Problem requirements — What follows is a set of records. Retype them exactly, leaving out the pictures.

Dataset content —
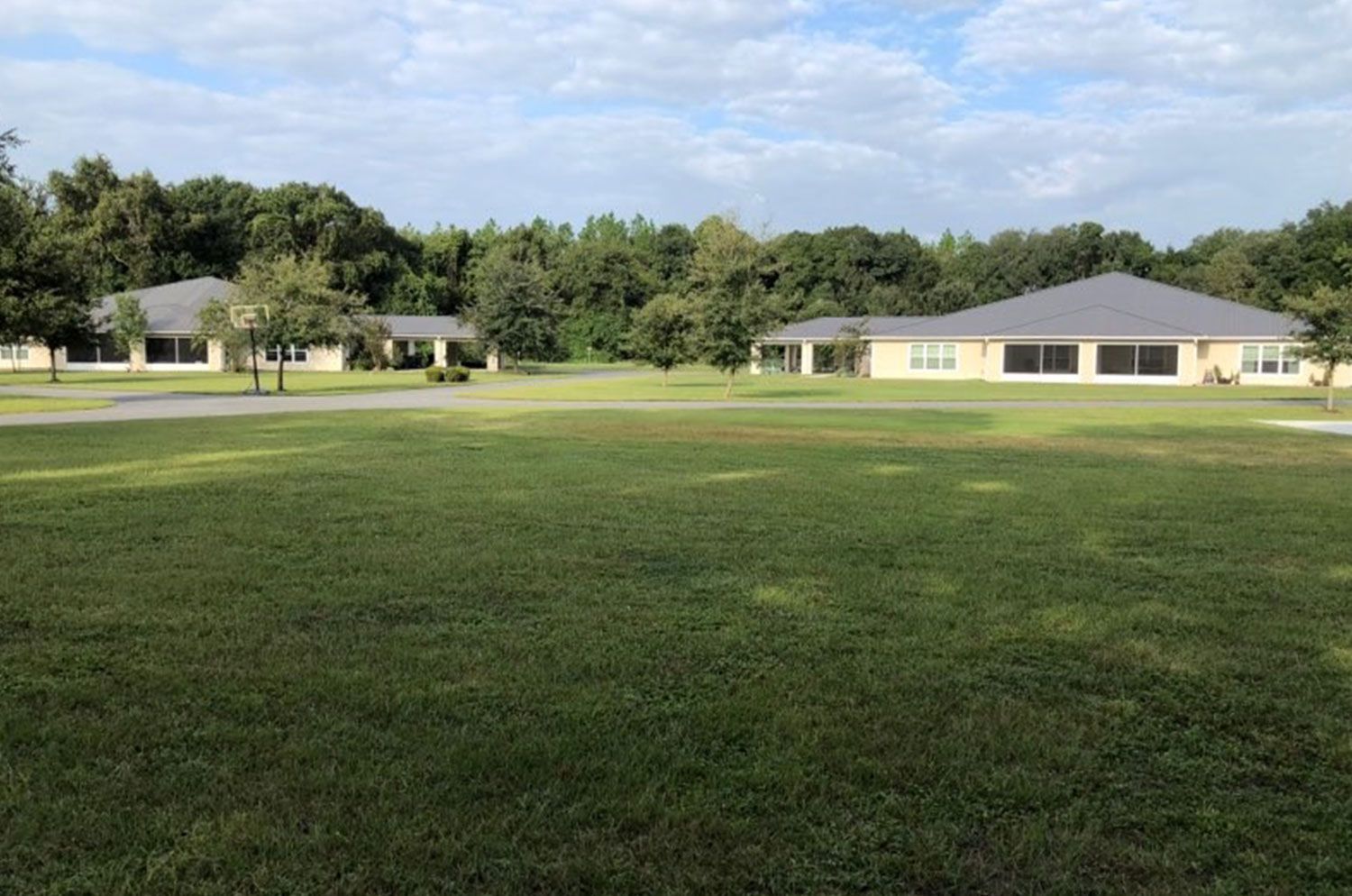 Cellon-Thomas Campus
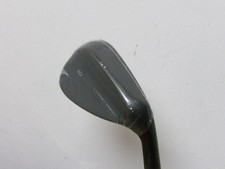 Titleist SM10 Jet Black 50 Wedge F Grind Wedge Flex BV Steel MINTY UNUSED WOW 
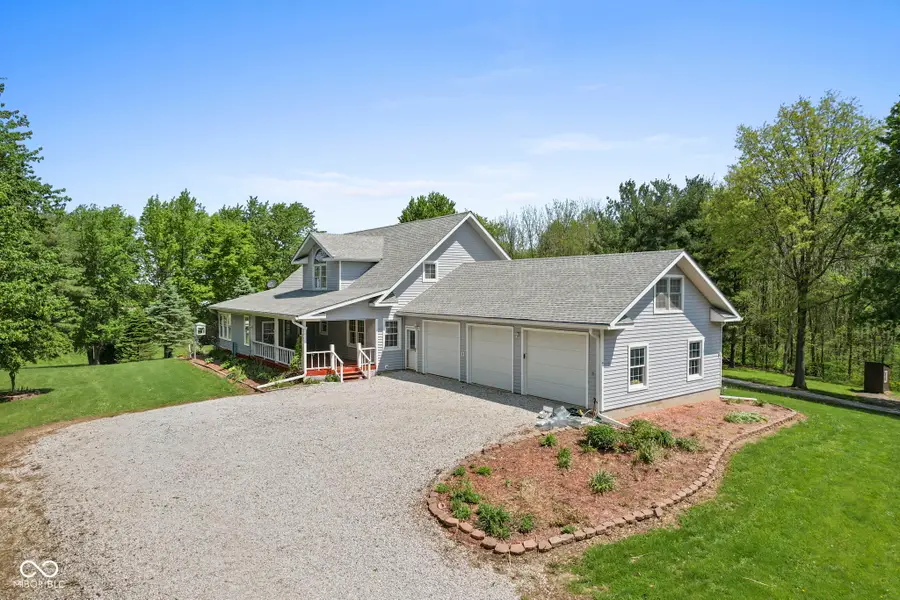 7273 S State Road 75, Jamestown, IN 46147 - #2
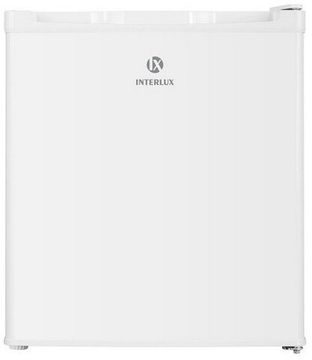 Однокамерний холодильник INTERLUX ILR-0050W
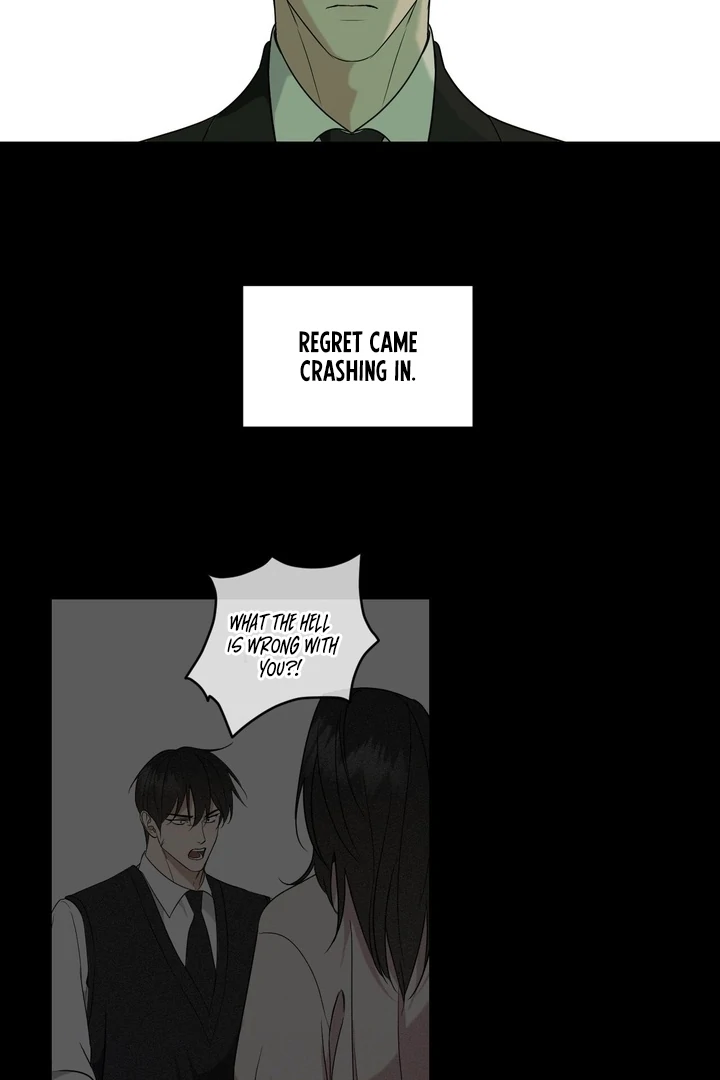 To My Dear Chapter 18 page 81 -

Your solution —
 Cellon-Thomas Campus
 Titleist SM10 Jet Black 50 Wedge F Grind Wedge Flex BV Steel MINTY UNUSED WOW 
 7273 S State Road 75, Jamestown, IN 46147 - #2
 Однокамерний холодильник INTERLUX ILR-0050W
 To My Dear Chapter 18 page 81 -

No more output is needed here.